#### GOAL OF THE EXERCISE:
Retype word for word the stretch of entries below from the line that has "Markante Borgere" through the line that has "Truyện Chuyện Ở", and omit the pictures.

#### DATA:
[Start of Attachment]

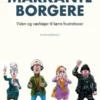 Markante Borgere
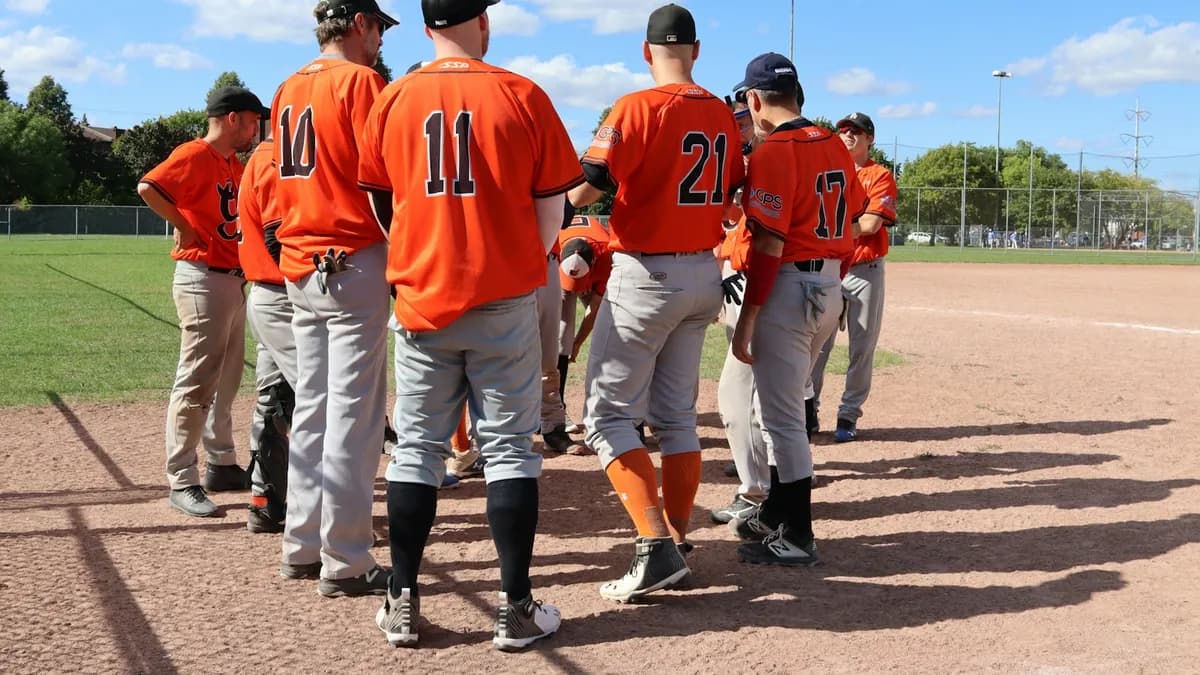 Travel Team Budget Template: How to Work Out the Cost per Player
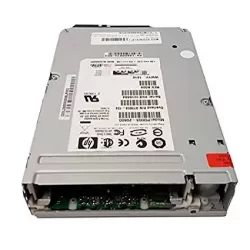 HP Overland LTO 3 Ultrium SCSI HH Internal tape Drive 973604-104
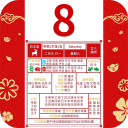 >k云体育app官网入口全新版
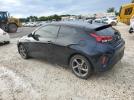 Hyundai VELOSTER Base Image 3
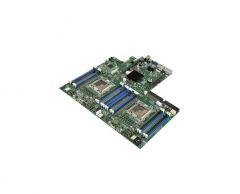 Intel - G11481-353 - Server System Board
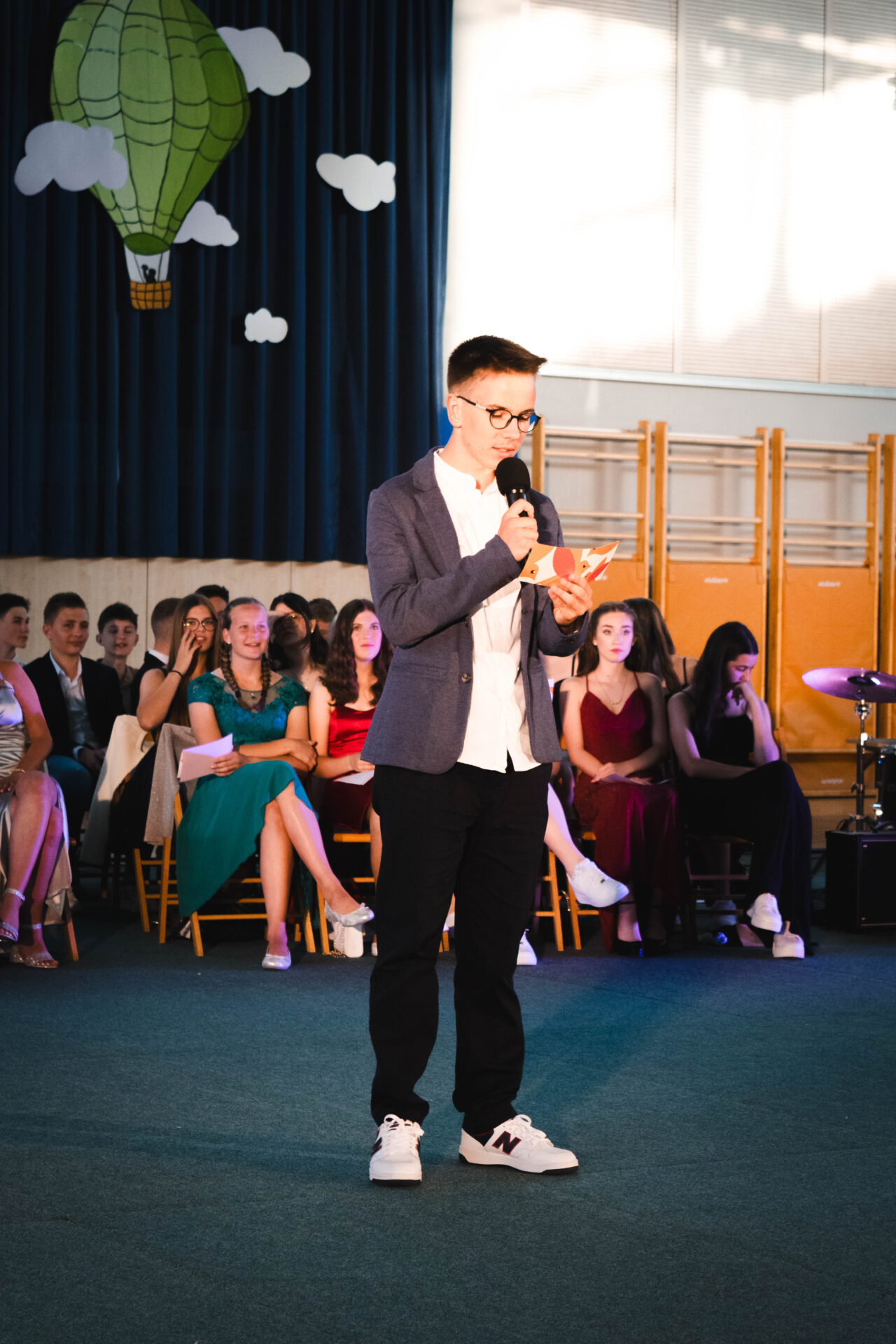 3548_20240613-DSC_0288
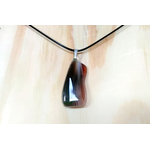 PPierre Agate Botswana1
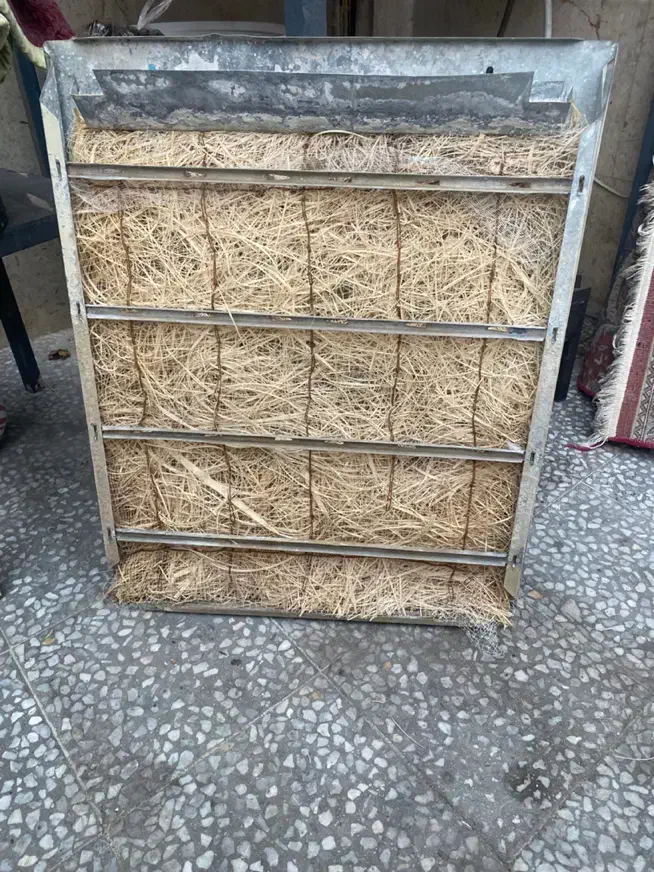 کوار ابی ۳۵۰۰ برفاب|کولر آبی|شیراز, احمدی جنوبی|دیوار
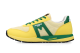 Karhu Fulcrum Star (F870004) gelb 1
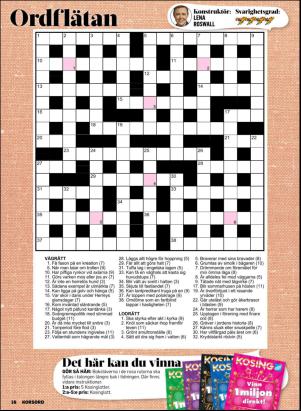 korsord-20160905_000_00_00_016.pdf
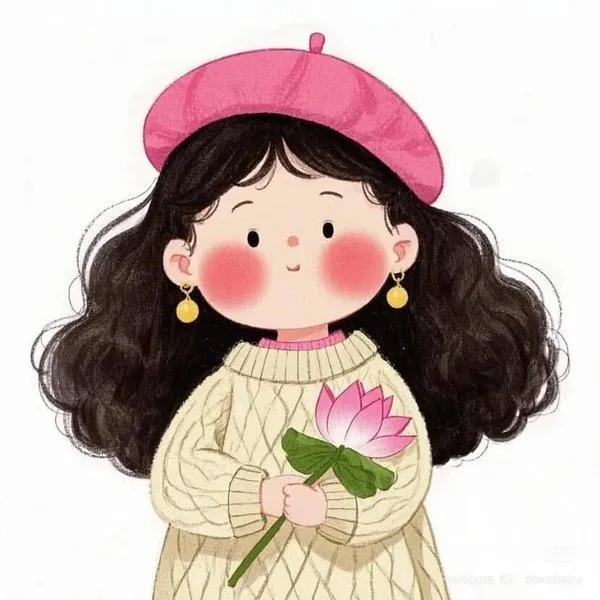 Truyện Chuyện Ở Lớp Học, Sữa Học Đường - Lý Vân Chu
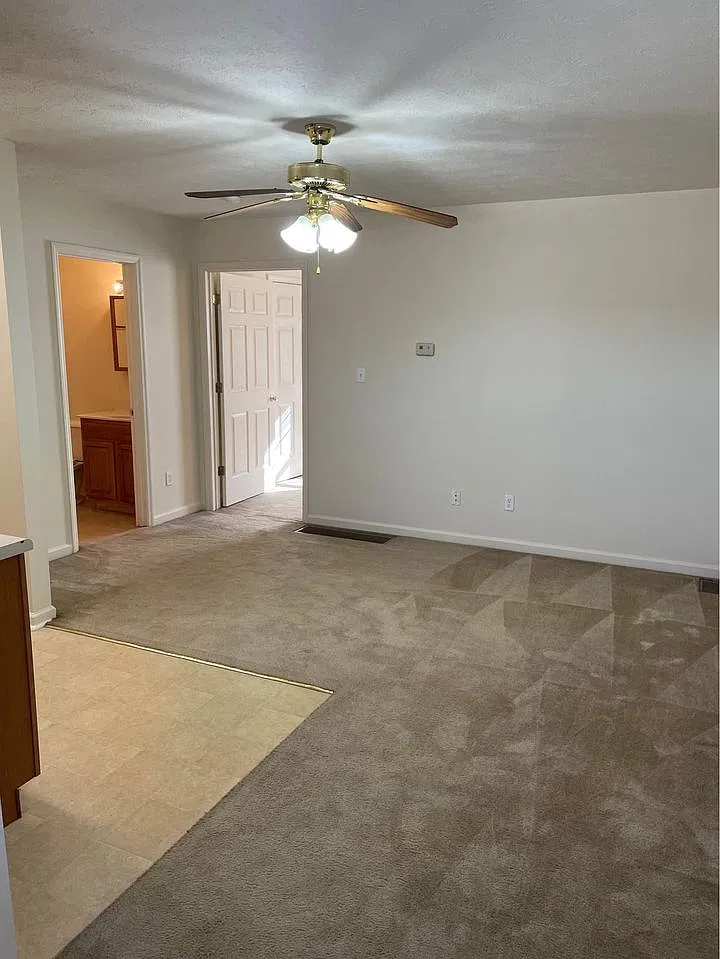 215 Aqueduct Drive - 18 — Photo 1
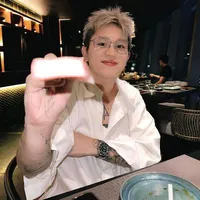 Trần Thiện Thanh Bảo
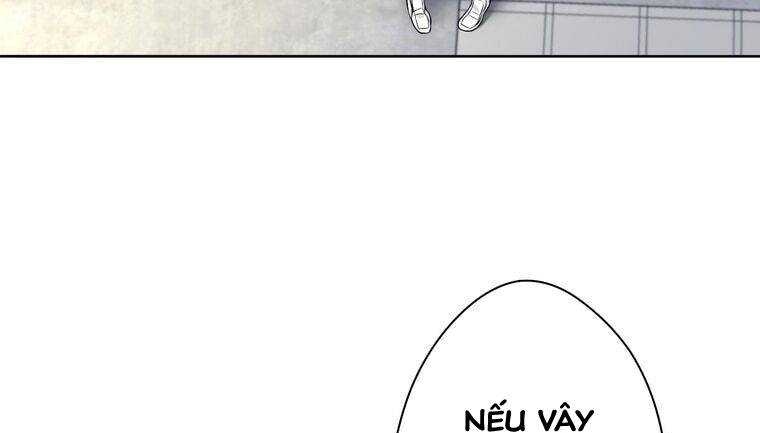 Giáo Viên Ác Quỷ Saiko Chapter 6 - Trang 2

[End of Attachment]
[Start of Attachment]

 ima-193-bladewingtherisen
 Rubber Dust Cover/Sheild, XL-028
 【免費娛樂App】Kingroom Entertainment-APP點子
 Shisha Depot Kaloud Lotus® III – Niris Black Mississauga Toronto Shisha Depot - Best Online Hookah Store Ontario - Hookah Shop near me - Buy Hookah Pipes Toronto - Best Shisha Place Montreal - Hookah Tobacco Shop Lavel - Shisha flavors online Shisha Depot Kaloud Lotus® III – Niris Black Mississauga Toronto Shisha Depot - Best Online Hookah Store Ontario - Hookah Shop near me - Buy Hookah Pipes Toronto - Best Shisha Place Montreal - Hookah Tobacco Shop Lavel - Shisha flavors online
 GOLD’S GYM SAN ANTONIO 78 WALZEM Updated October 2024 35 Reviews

[End of Attachment]

#### SOLUTION:
 Markante Borgere
 Travel Team Budget Template: How to Work Out the Cost per Player
 HP Overland LTO 3 Ultrium SCSI HH Internal tape Drive 973604-104
 >k云体育app官网入口全新版
 Hyundai VELOSTER Base Image 3
 Intel - G11481-353 - Server System Board
 3548_20240613-DSC_0288
 PPierre Agate Botswana1
 کوار ابی ۳۵۰۰ برفاب|کولر آبی|شیراز, احمدی جنوبی|دیوار
 Karhu Fulcrum Star (F870004) gelb 1
 korsord-20160905_000_00_00_016.pdf
 Truyện Chuyện Ở Lớp Học, Sữa Học Đường - Lý Vân Chu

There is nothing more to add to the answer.